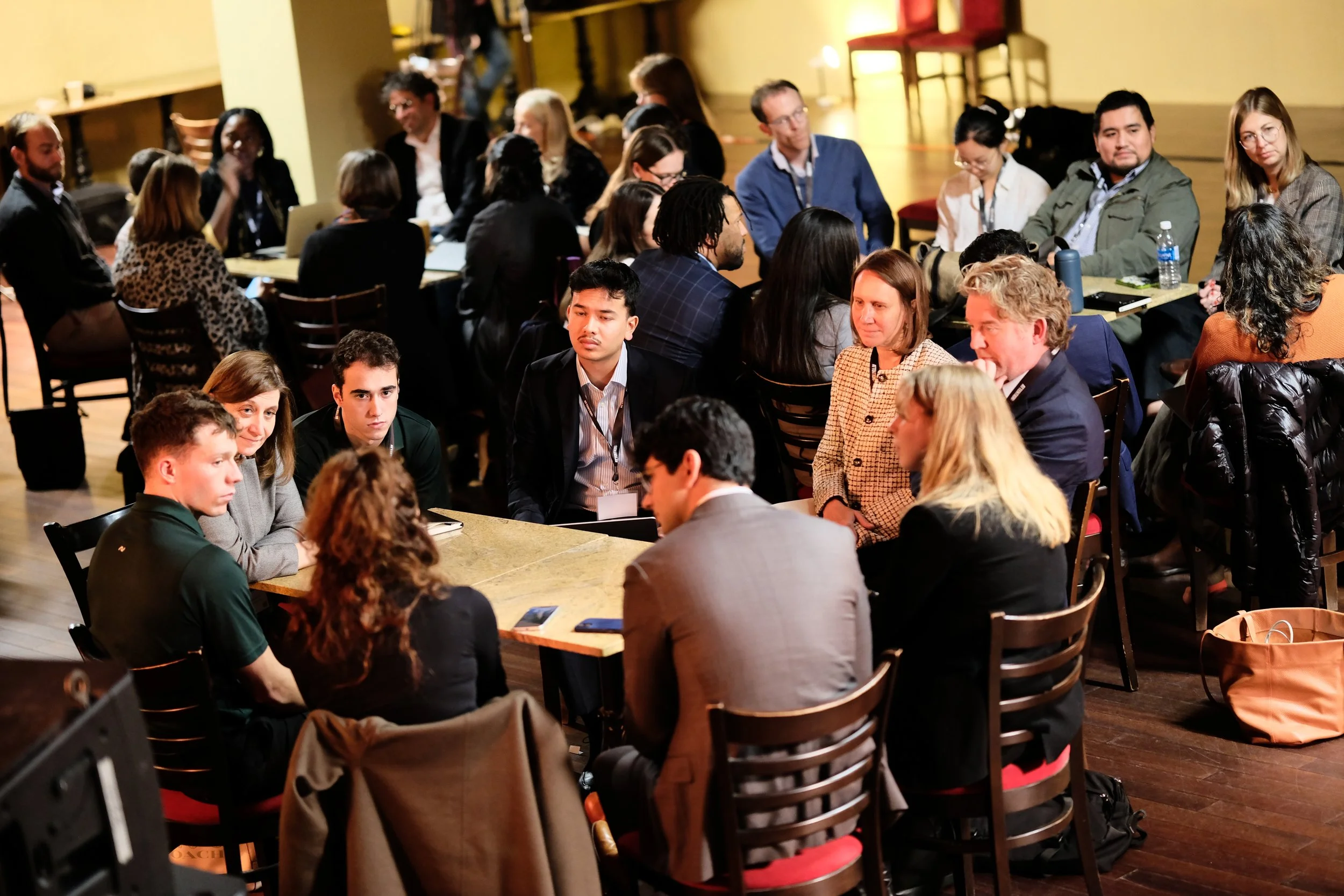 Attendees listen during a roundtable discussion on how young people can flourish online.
━━━━
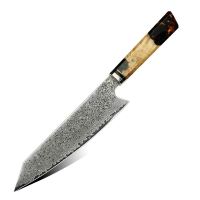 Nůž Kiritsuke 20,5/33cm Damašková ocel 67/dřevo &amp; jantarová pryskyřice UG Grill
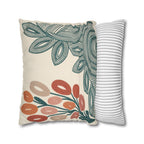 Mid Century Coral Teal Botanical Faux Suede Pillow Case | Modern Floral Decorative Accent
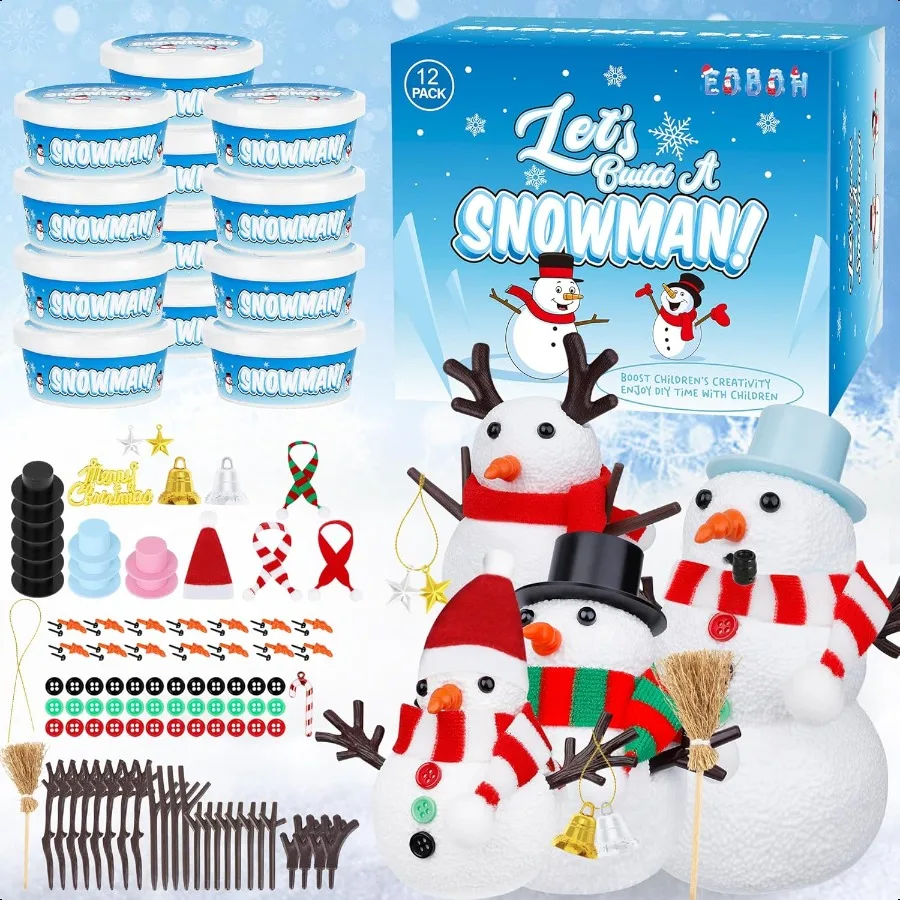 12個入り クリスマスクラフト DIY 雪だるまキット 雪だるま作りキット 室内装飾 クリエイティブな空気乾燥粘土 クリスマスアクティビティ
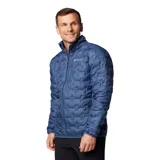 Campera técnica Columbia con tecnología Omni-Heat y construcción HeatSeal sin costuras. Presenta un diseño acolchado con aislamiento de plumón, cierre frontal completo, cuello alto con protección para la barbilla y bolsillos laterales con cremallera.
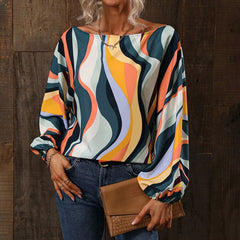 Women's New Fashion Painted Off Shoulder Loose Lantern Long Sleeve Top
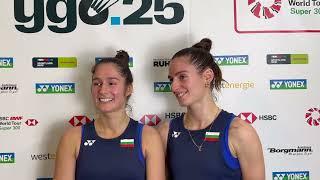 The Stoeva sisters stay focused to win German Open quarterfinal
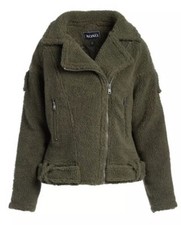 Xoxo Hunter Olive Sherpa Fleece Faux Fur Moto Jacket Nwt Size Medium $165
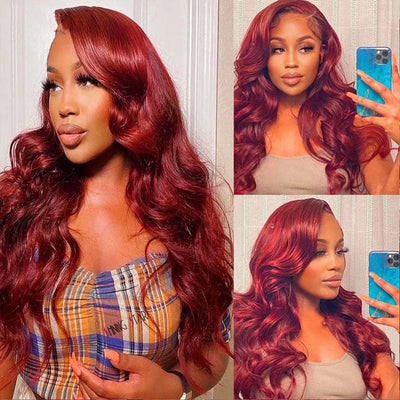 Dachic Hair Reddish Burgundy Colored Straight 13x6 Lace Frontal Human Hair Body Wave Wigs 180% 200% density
━━━━
* [YOUR TASK]
Everything above from the line that has "12個入り クリスマスクラフト DIY" down to the line that has "Campera técnica Columbia" should be output exactly, with both of those lines included. Leave the pictures behind.

* [WRITTEN SOLUTION]
 12個入り クリスマスクラフト DIY 雪だるまキット 雪だるま作りキット 室内装飾 クリエイティブな空気乾燥粘土 クリスマスアクティビティ
 Campera técnica Columbia con tecnología Omni-Heat y construcción HeatSeal sin costuras. Presenta un diseño acolchado con aislamiento de plumón, cierre frontal completo, cuello alto con protección para la barbilla y bolsillos laterales con cremallera.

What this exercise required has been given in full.